I kept track of the loss at each step, so there's our loss for the discriminator, and there's our loss for the generator. So our question is, what do these loss curves mean? Are they good or bad? How do we know? And the answer is, for this kind of GAN, they mean nothing at all.

The generator could get fantastic, but it could be because the discriminator is terrible. And they don't really know whether each one is good or not, so even the order of magnitude of both of them is meaningless. So these curves mean nothing. The direction of the curves mean nothing. And this is one of the real difficulties with training GANs.

And here's what happens when I plot 12 randomly selected random noise vectors stuck through there. And we have not got things that look terribly like MNIST digits and they also don't look terribly much like they have a lot of variety. This is called ModeClass. Very common problem when training GANs.

And what it means is that the generator and the discriminator have kind of reached a stalemate where neither of them basically knows how to go from here. And in terms of optimization, we've basically found a local minimum. So okay, that was not very successful. Can we do better? So the next major paper that came along was this one.

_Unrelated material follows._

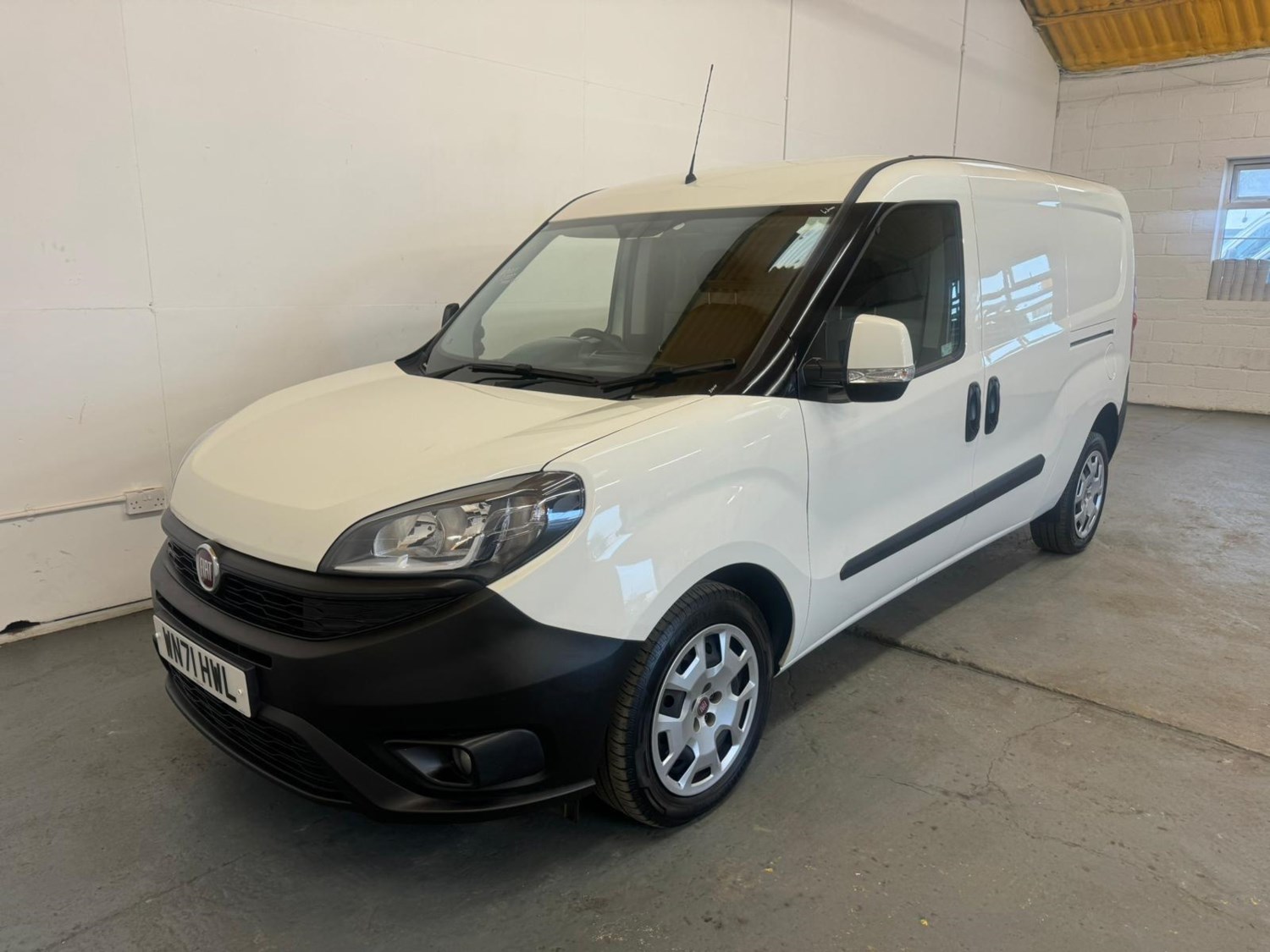 Fiat Doblo Listing Image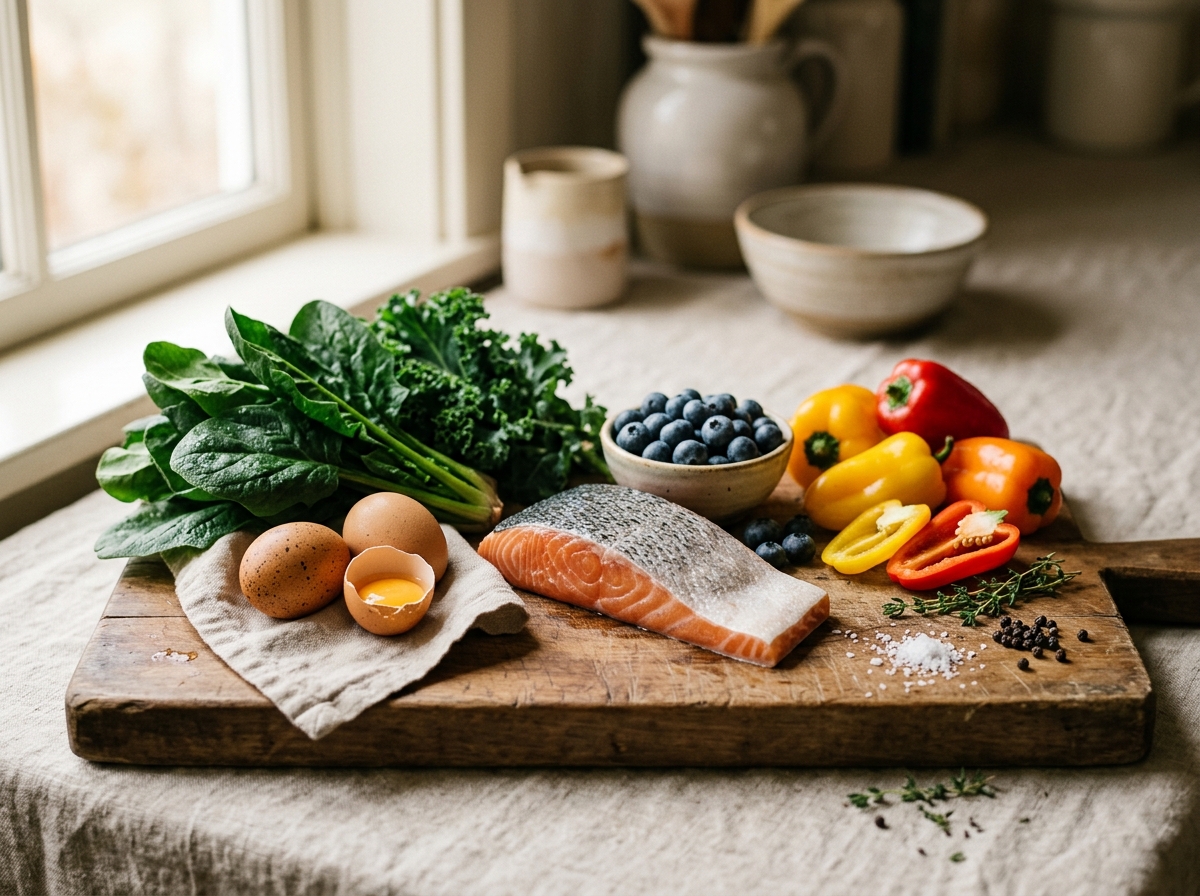 Eye Nutrition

Let's go to the top so you can see it. Unsupervised representation learning with deep convolutional derivative adversarial networks. So this created something that they called DCGANs. And the main page that you want to look at here is page 3 where they say, "Call to our approach is doing these three things." And basically what they do is they just do exactly the same thing as GANs, but they do three things.

One is to use the kinds of -- well in fact all of them is to learn the tricks that we've been learning for generative models. Use an all-convolutional net, get rid of max pooling and use strata convolutions instead, get rid of fully connected layers and use lots of convolutional features instead, and add in batch null.

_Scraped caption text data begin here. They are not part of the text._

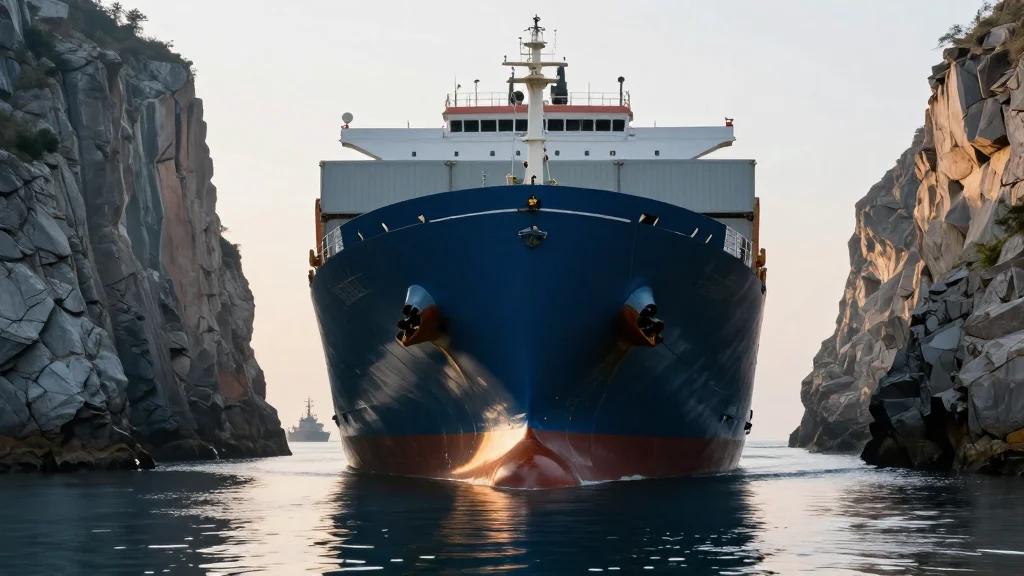 Hormuz Still Blocked; Shippers Await Post‑ceasefire Safety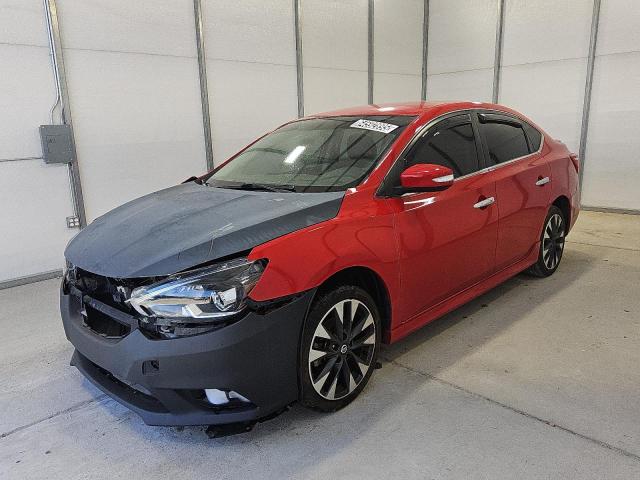 NISSAN SENTRA S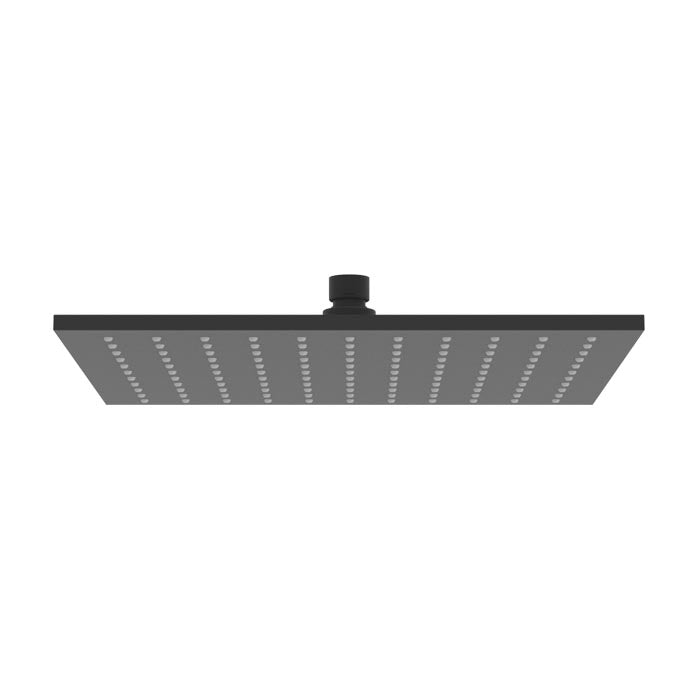 ZUCCHETTI SQUARE SHOWER HEAD 300MM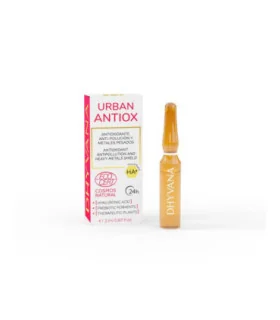 Urban Antiox | Sérum natural cara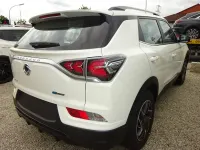 Gebraucht SsangYong Korando 139 kW (190 PS) 2024 Weiß SUV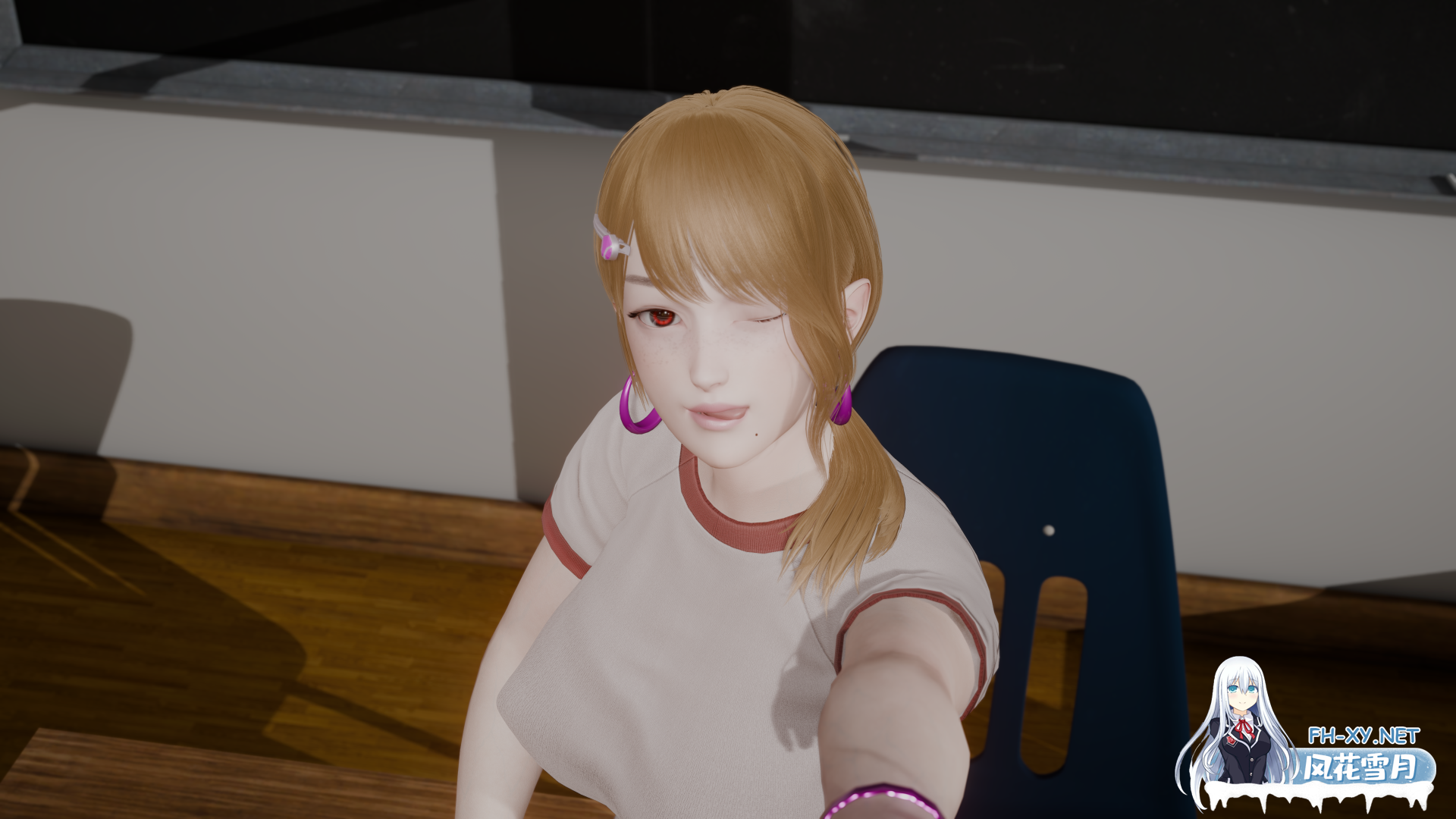 [SLG/AI汉化/3D/巨乳/更新]没有后宫只有NTR/No Harem Just NTR [Ep.1][PC+安卓/1.82G]-7.png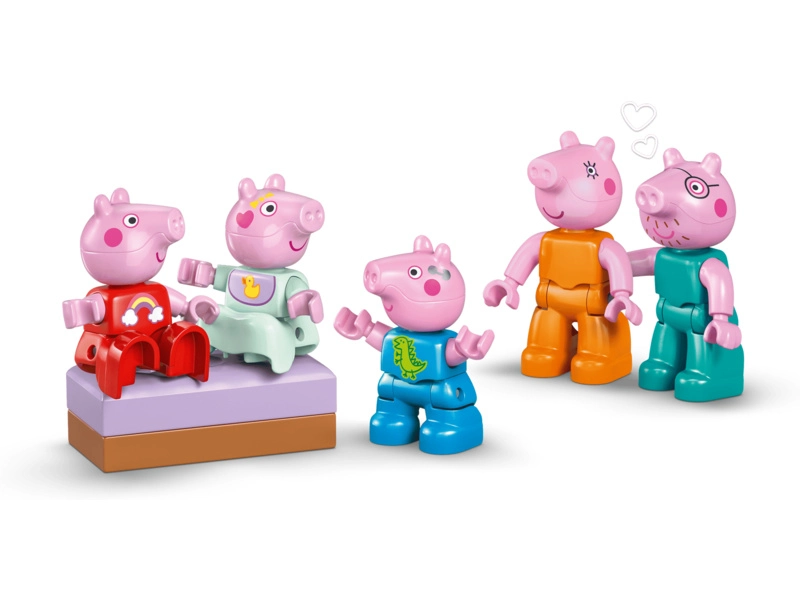 LEGO DUPLO - Rodinný domček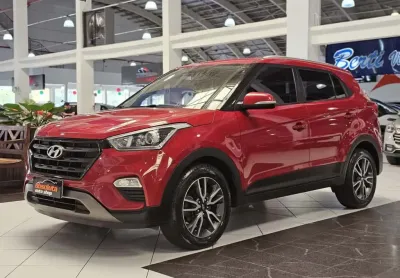 Hyundai Creta 2017 2.0 16v flex pulse automático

And then use a CNN rather than MLP. So here is that. This will look very familiar, it looks just like last lesson stuff. So the generator is going to take in a random grid of inputs. It's going to do a batch norm, up sample -- you'll notice that I'm doing even newer than this paper, I'm doing the up sampling approach because we know that's better.

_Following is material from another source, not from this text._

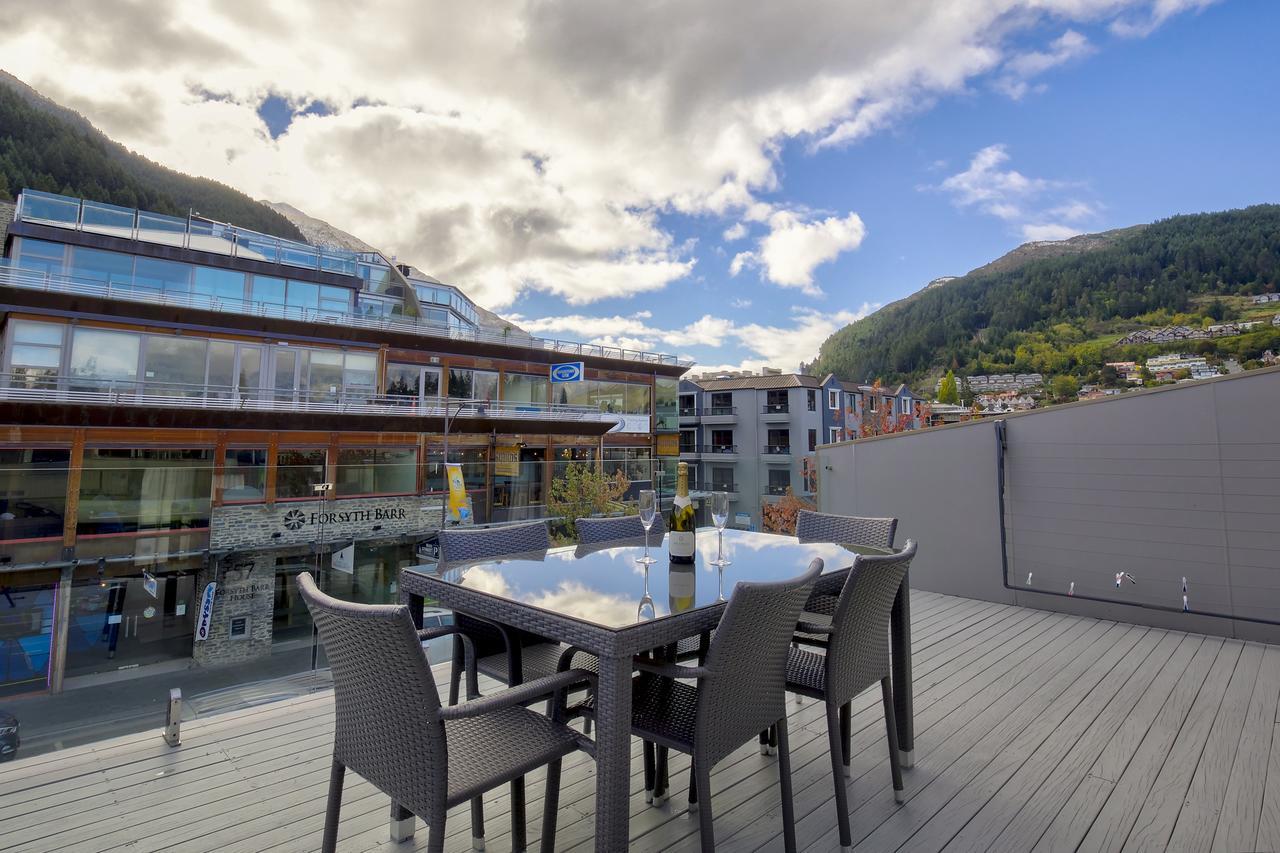 Heart Of Queenstown Aparthotel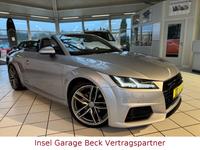 Audi TT Roadster 2.0|Quattro|S-Tronic|Airsc|B&O|S-lin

Up sample, 1x1 conv, batch norm, up sample, 1x1 conv, batch norm, and then a final conv layer. The discriminator basically does the opposite, which is some 2x2 sub-samplings, so down sampling in the discriminator. Another trick that I think it's mentioned in the paper is before you do the back and forth batch for the discriminator and a batch for the generator is to train the discriminator for a fraction of an epoch, like do a few batches through the discriminator.

So at least it knows how to recognize the difference between a random image and a real image a little bit. So you can see here I actually just start by calling discriminator.fit with just a very small amount of data. So this is kind of like bootstrapping the discriminator. And then I just go ahead and call the same train as we had before with my better architectures.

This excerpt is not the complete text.